§ **Task to carry out**
Your task is to print all of the data below exactly, with no pictures included.

Caption-style text data:
::::
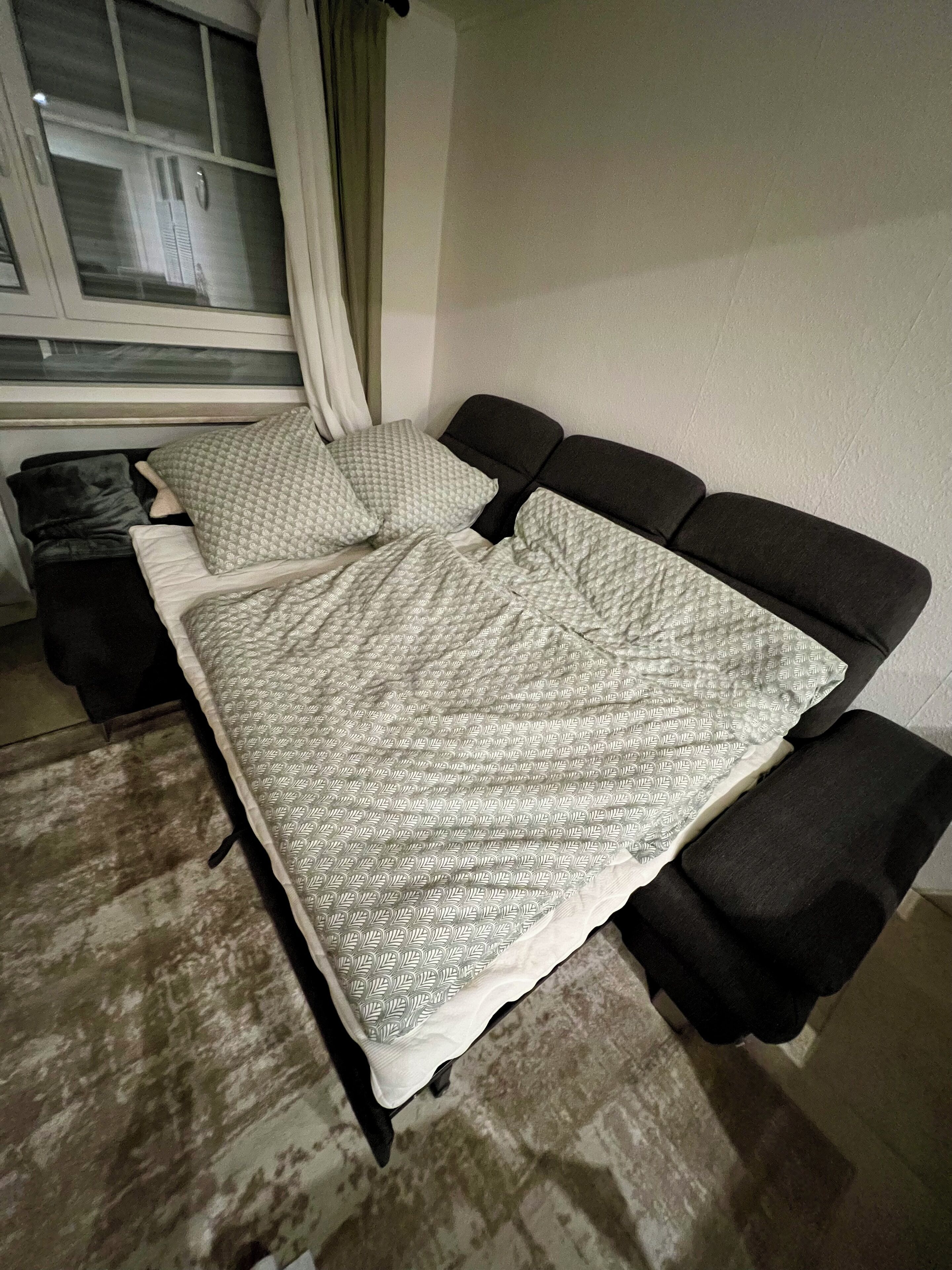 Ein Bett mit einem gemusterten Überwurf und Kissen, ein Fenster mit Vorhängen und ein Blick nach draußen.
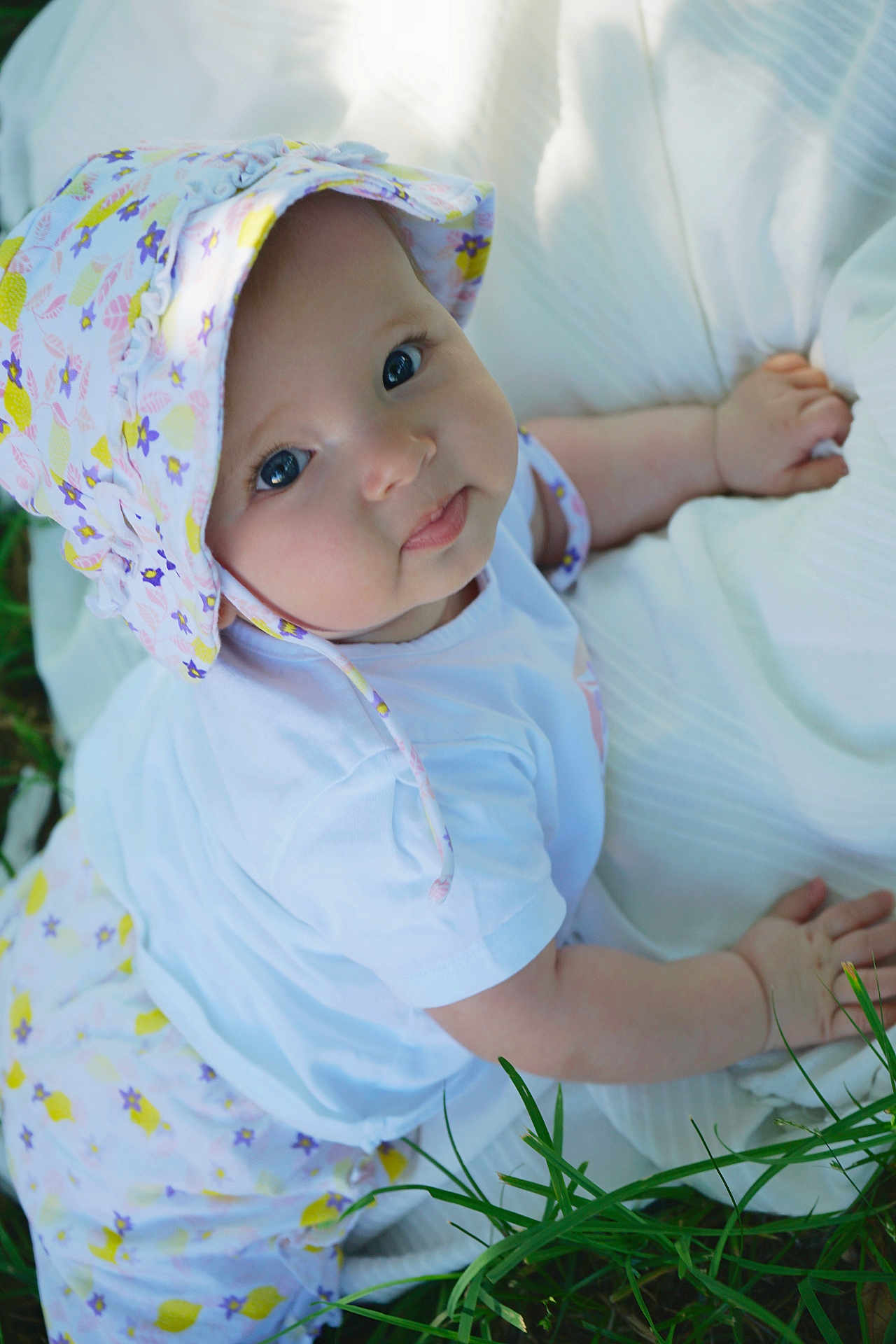 Hisaé a rejoint le concours — aidez-le/la à gagner de superbes lots ! baby, infant, child, hat, floral, white_clothing, blanket, grass, outdoor, cute, smile, face, eyes, skin, hand, nature, lying, person, young, sunlight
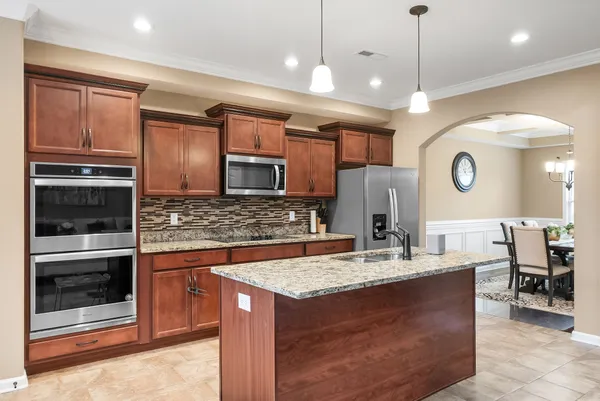 a kitchen with kitchen island granite countertop a sink and center island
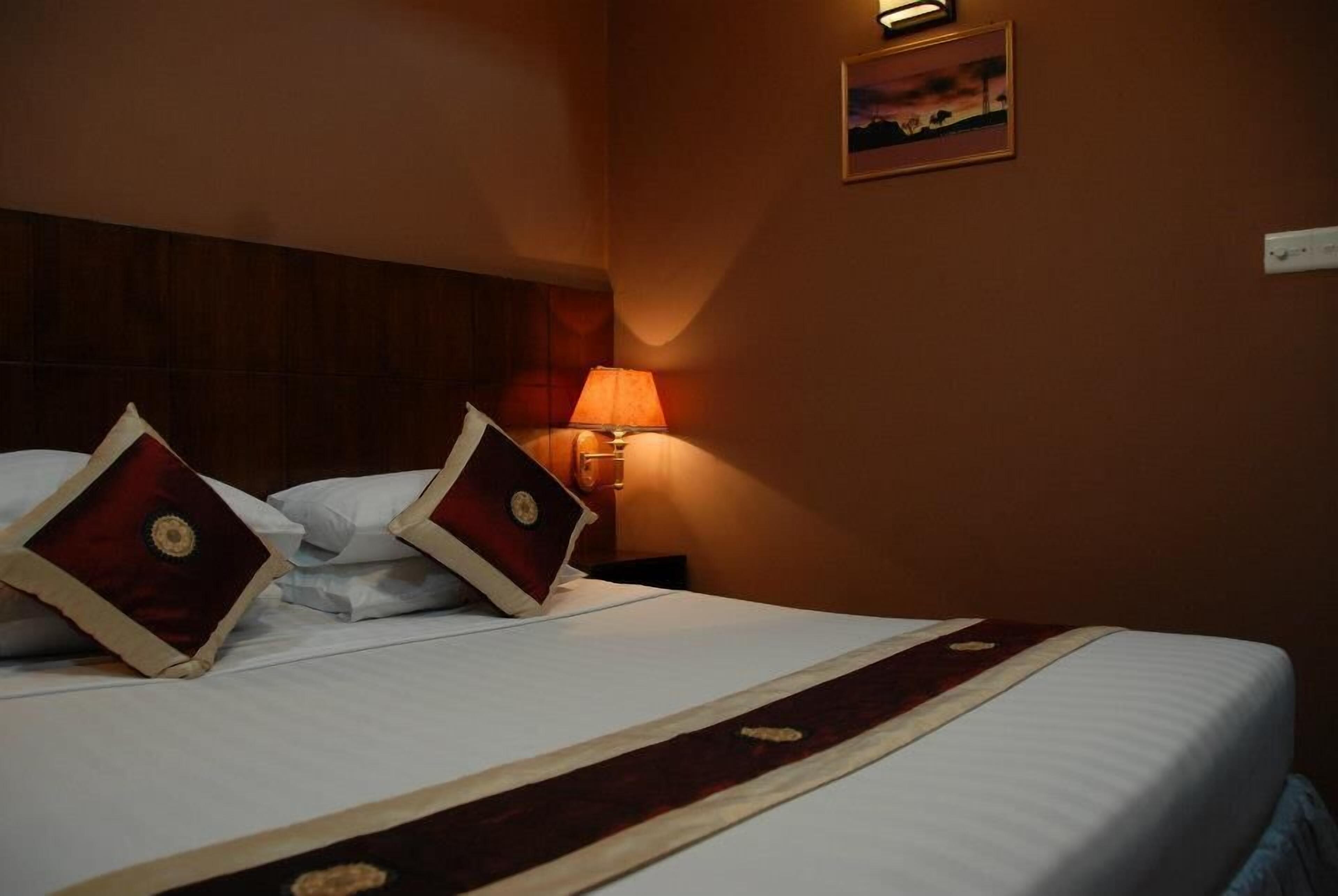 A neatly made bed with white linens and two decorative pillows, a wooden headboard, a bedside lamp, and a framed picture on the wall.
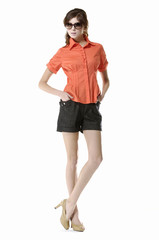 Fototapeta premium Young woman standing against on white background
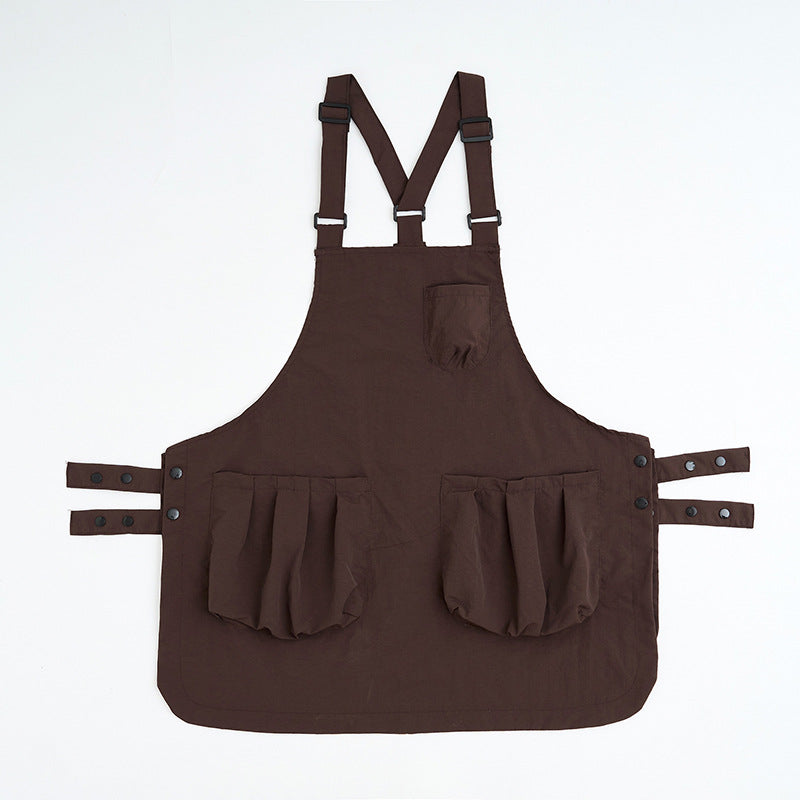 Dark coffee brown kitchen apron laid flat with cross-back straps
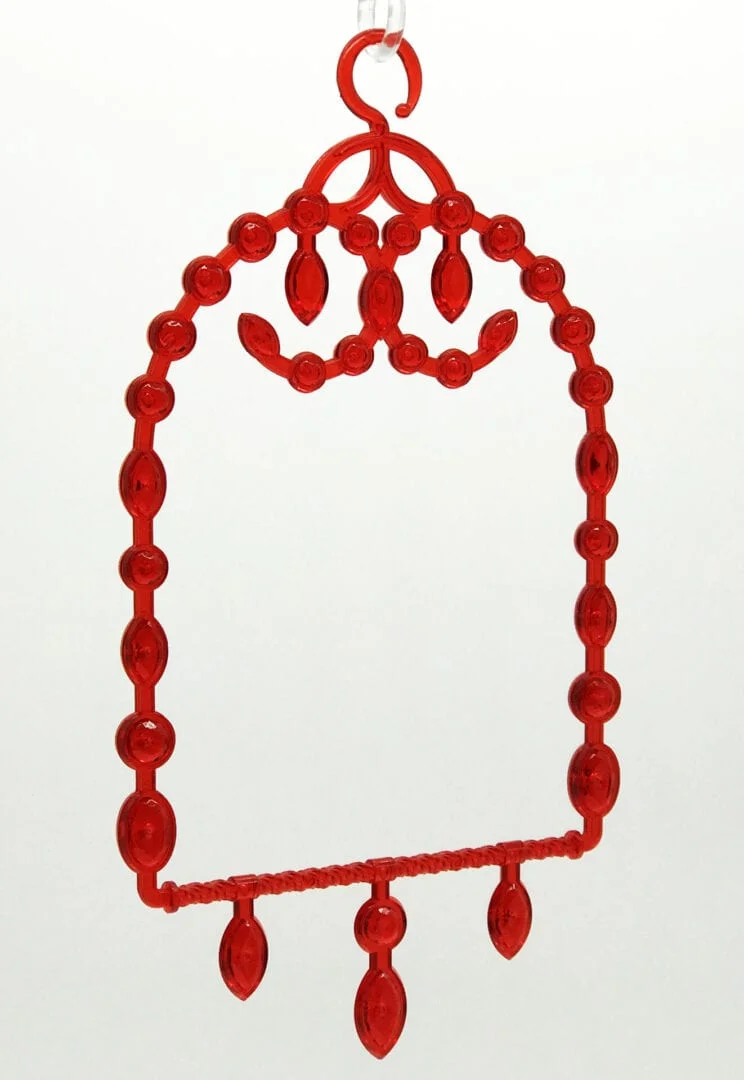 A red plastic frame with a large beaded design.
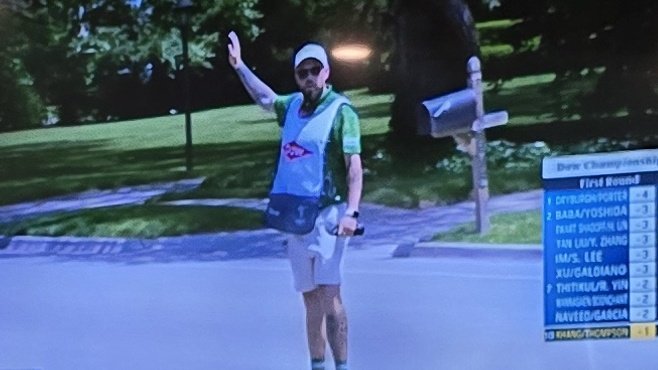 Just a caddie stopping traffic. You know, normal Thursday stuff.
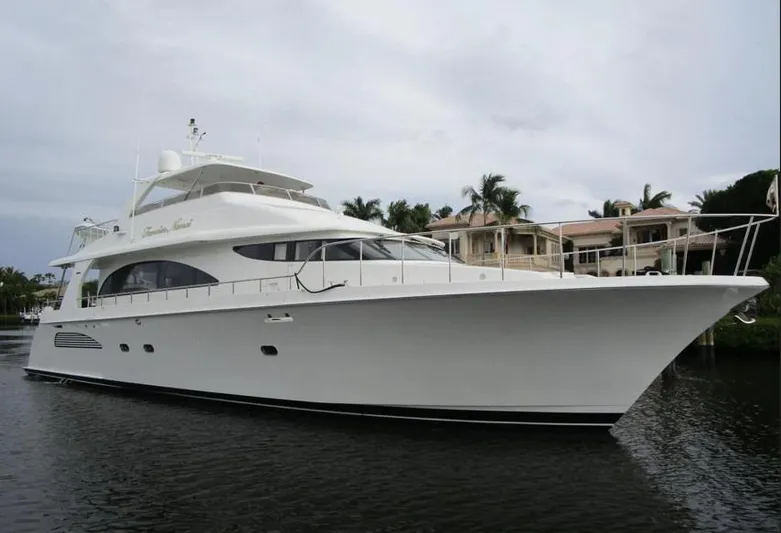 Fancier Nanci Yacht Photos Pics 2002 Cheoy Lee Sport Motor Yacht docked near waterfront homes.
::::
§ **Exercise solution**
 Ein Bett mit einem gemusterten Überwurf und Kissen, ein Fenster mit Vorhängen und ein Blick nach draußen.
 Hisaé a rejoint le concours — aidez-le/la à gagner de superbes lots ! baby, infant, child, hat, floral, white_clothing, blanket, grass, outdoor, cute, smile, face, eyes, skin, hand, nature, lying, person, young, sunlight
 a kitchen with kitchen island granite countertop a sink and center island
 A neatly made bed with white linens and two decorative pillows, a wooden headboard, a bedside lamp, and a framed picture on the wall.
 Fototapeta premium Young woman standing against on white background
 Dark coffee brown kitchen apron laid flat with cross-back straps
 A red plastic frame with a large beaded design.
 Just a caddie stopping traffic. You know, normal Thursday stuff.
 Fancier Nanci Yacht Photos Pics 2002 Cheoy Lee Sport Motor Yacht docked near waterfront homes.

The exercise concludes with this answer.